- What you are asked to do
Copy out every line of the data exactly; do not include the images.

Segment Start: Data under study

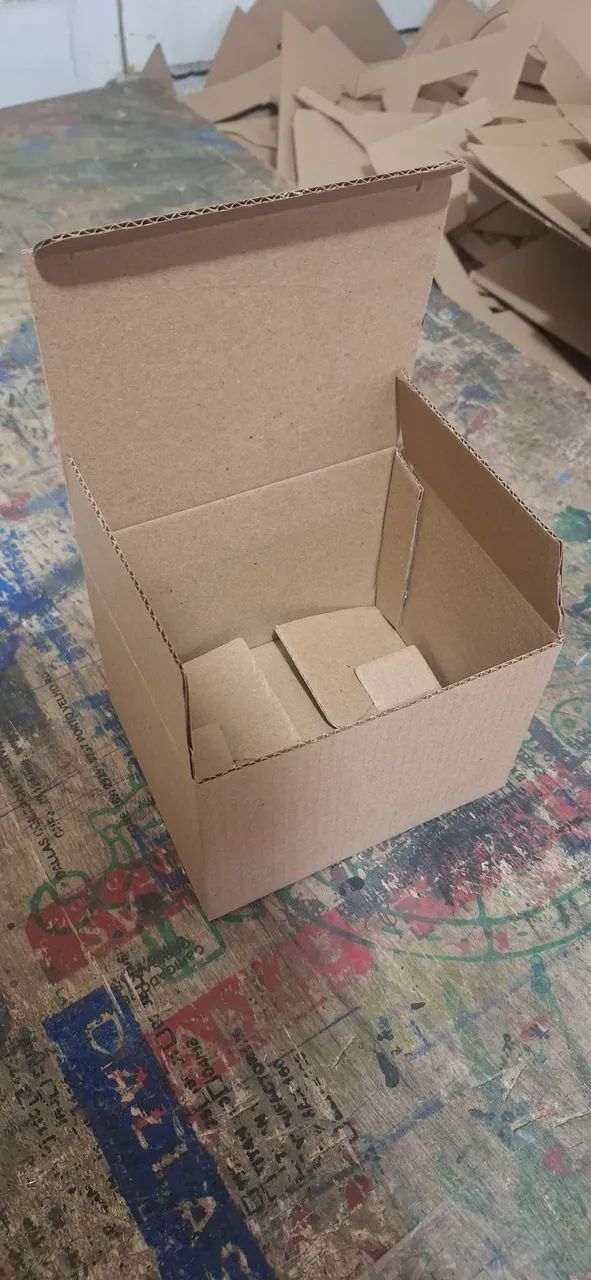 Caixas de papelão  - Foto 2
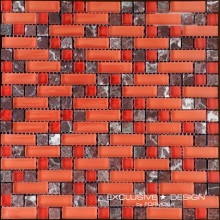 Mozaika szklano-kamienna A-MMX08-XX-013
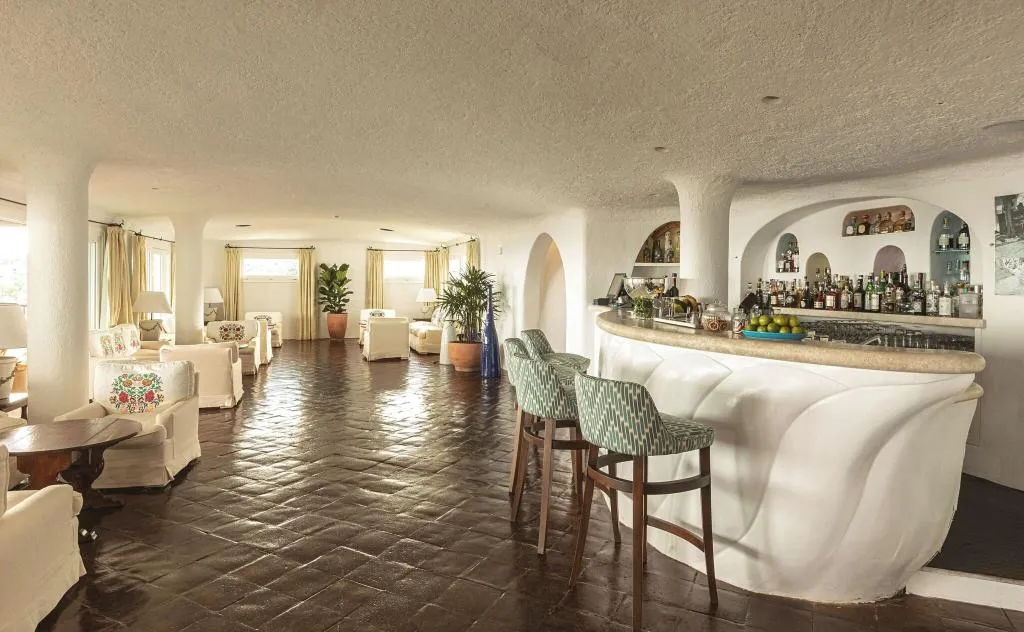Bar, Romazzino, A Belmond Hotel, Costa Smeralda, Olbia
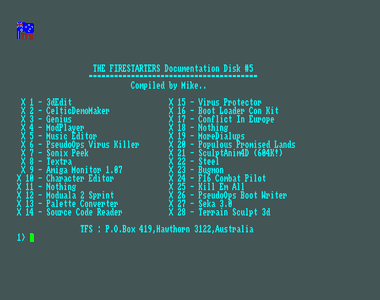 TFS Documentation Disk 5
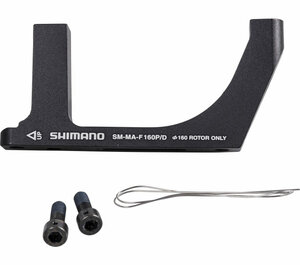 Shimano Adapter VO SMMAF160PDA PM 160>FM 160 mit Schrauben/Draht Box 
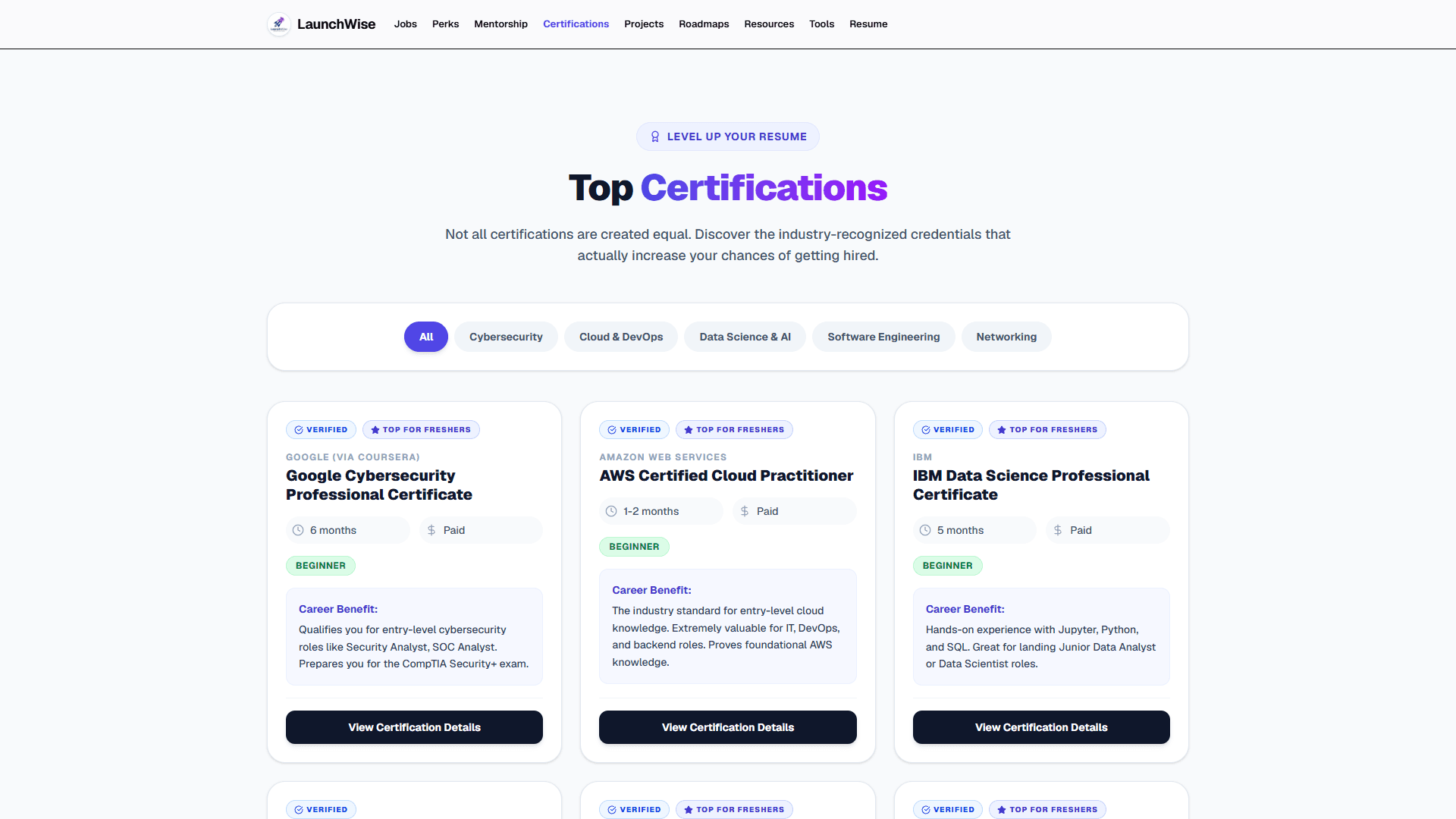 LaunchWise screenshot 1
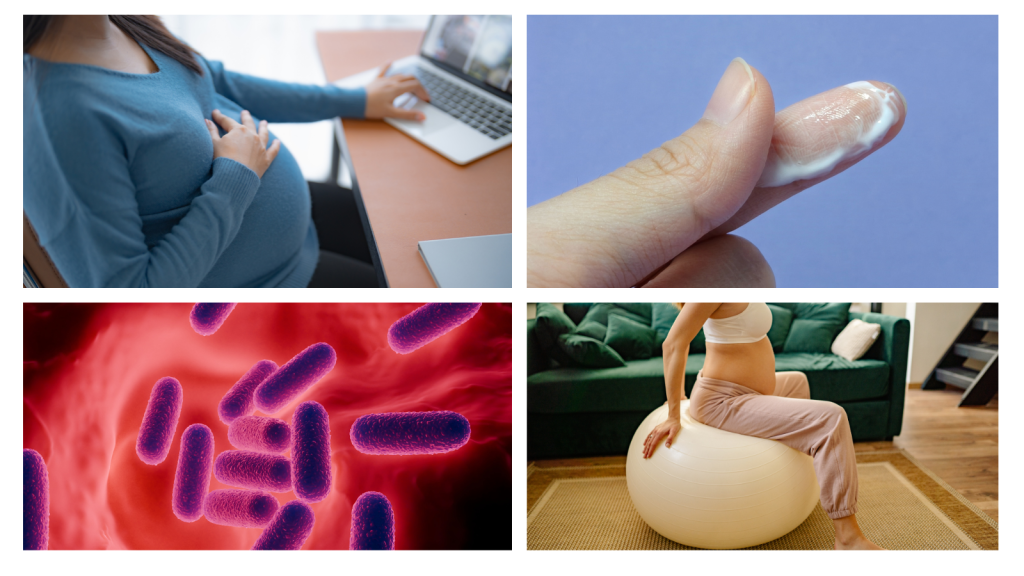 Một số lý do tiêu biểu khiến vùng kín thay đổi pH khi mang thai.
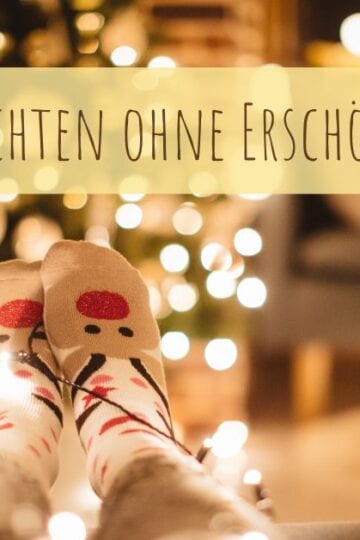 Weihnachten ohne Erschöpfung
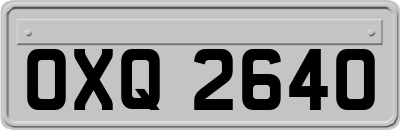 OXQ2640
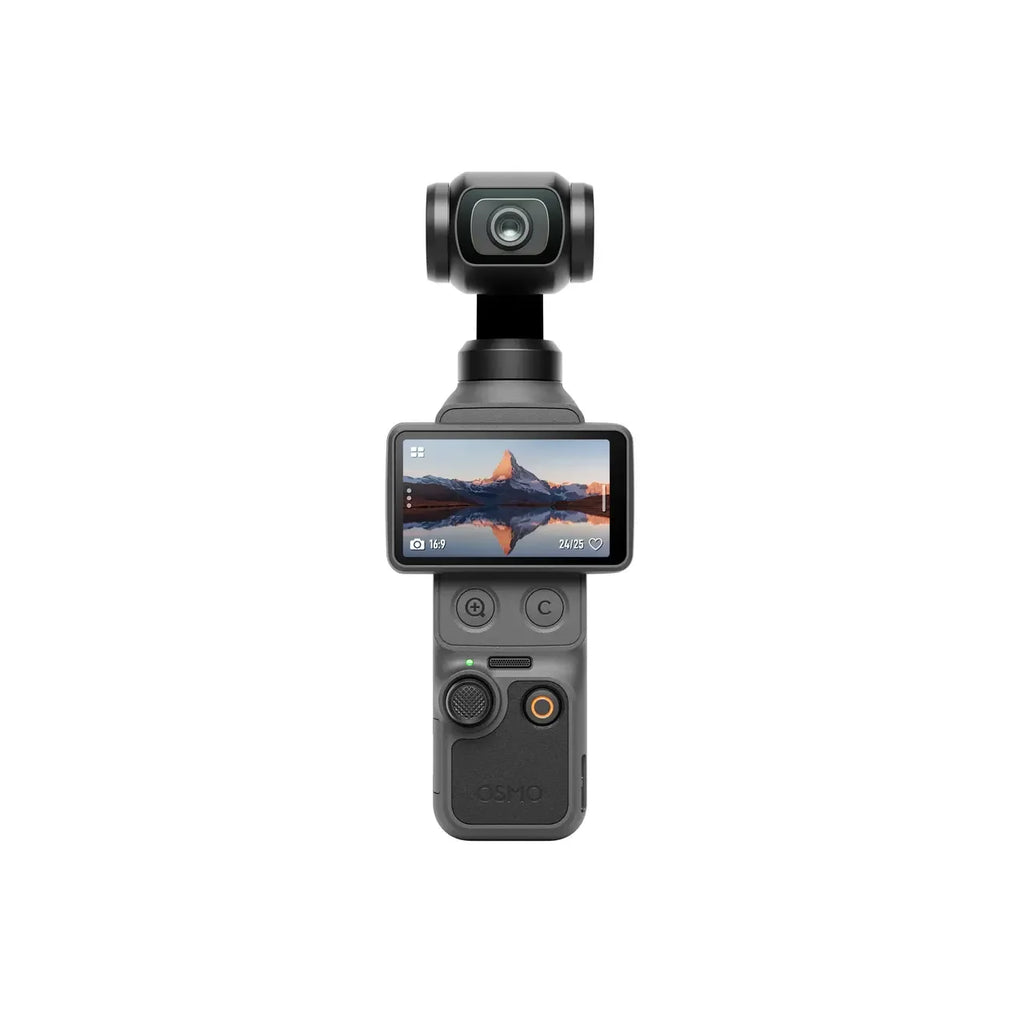 DJI Osmo Pocket 4 4K/6K ポケットジンバルカメラ 1インチセンサー 107GBストレージ ActiveTrack 7.0 Vlogカメラ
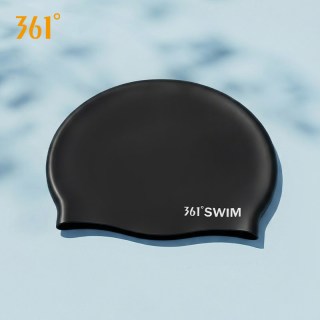 移动端：361° 专业防水硅胶泳帽 SLY26Y80470-H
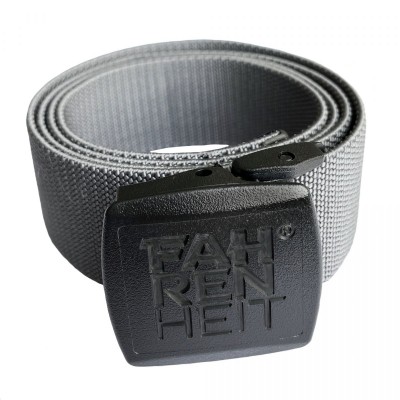 Пояс еластичний Fahrenheit Stretch Belt logo grey - фото 29717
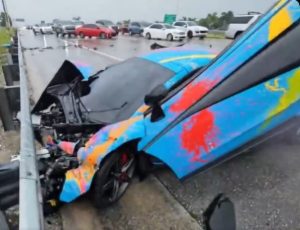 People Want ‘Jail Time’ For Streamer Who Wrecked His McLaren Mid-Stream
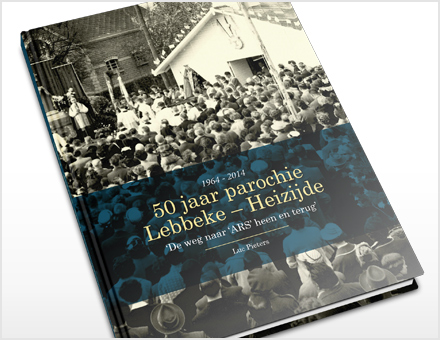 Book ’50 jaar parochie Lebbeke – Heizijde’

Segment End: Data under study

- Exercise result
 Caixas de papelão  - Foto 2
 Mozaika szklano-kamienna A-MMX08-XX-013
Bar, Romazzino, A Belmond Hotel, Costa Smeralda, Olbia
 TFS Documentation Disk 5
 Shimano Adapter VO SMMAF160PDA PM 160>FM 160 mit Schrauben/Draht Box 
 LaunchWise screenshot 1
 Một số lý do tiêu biểu khiến vùng kín thay đổi pH khi mang thai.
 Weihnachten ohne Erschöpfung
 OXQ2640
 DJI Osmo Pocket 4 4K/6K ポケットジンバルカメラ 1インチセンサー 107GBストレージ ActiveTrack 7.0 Vlogカメラ
 移动端：361° 专业防水硅胶泳帽 SLY26Y80470-H
 Пояс еластичний Fahrenheit Stretch Belt logo grey - фото 29717
 People Want ‘Jail Time’ For Streamer Who Wrecked His McLaren Mid-Stream
 Book ’50 jaar parochie Lebbeke – Heizijde’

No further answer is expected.